Abstract Nacre-inspired laminated composites have been proven to possess a unique combination of strength and toughness. In this study, we fabricated nacre-mimetic Cu/TiC composites via unidirectional freezing of aqueous TiC slurries containing different amounts of NiO additives, followed by ice sublimation, carbothermal reduction of NiO to Ni during sintering and then gas-pressure infiltration of the Cu melt. The introduction of Ni greatly facilitated the densification of ceramic lamellae and enhanced the interfacial bonding between Cu and TiC. The resultant composites displayed outstanding damage tolerance and anisotropic electrical conductivities. Specifically, for an ∼31 vol% TiC–Cu composite containing 24 wt% Ni in the ceramic lamellae (based on the TiC content), a fracture toughness (KJc) of 72.5 ± 1.0 MPa·m1/2, work of fracture of 53.4 ± 3.5 kJ/m2, bending strength of 725 ± 11 MPa and longitudinal electrical conductivity of 22.7 MS/m (∼60% of the Cu matrix) were achieved, which were approx. 81%, 536%, 122% and 97% higher than those of the Ni-free composite, respectively. Noticeable toughening was demonstrated to be a consequence of multiple cracking, plastic deformation and uncracked-ligament bridging of the metal layers, as well as crack deflection and blunting.
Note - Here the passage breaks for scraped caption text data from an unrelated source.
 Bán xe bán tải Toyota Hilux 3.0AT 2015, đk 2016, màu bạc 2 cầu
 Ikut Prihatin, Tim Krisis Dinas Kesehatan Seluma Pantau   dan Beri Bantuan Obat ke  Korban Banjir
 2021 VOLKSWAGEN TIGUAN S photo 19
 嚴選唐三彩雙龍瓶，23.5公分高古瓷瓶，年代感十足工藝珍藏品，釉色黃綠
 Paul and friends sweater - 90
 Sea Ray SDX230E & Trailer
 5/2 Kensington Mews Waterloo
On the other hand, significant strengthening resulted from tailoring the microstructures in the ceramic layers and at the Cu/TiC interface as a result of Ni doping. We believe that the facile strategy adopted herein provides an effective way to solve the problems of wetting and bonding related to metal infiltration and can be readily extended to the preparation of other nacre-inspired metal−ceramic composites.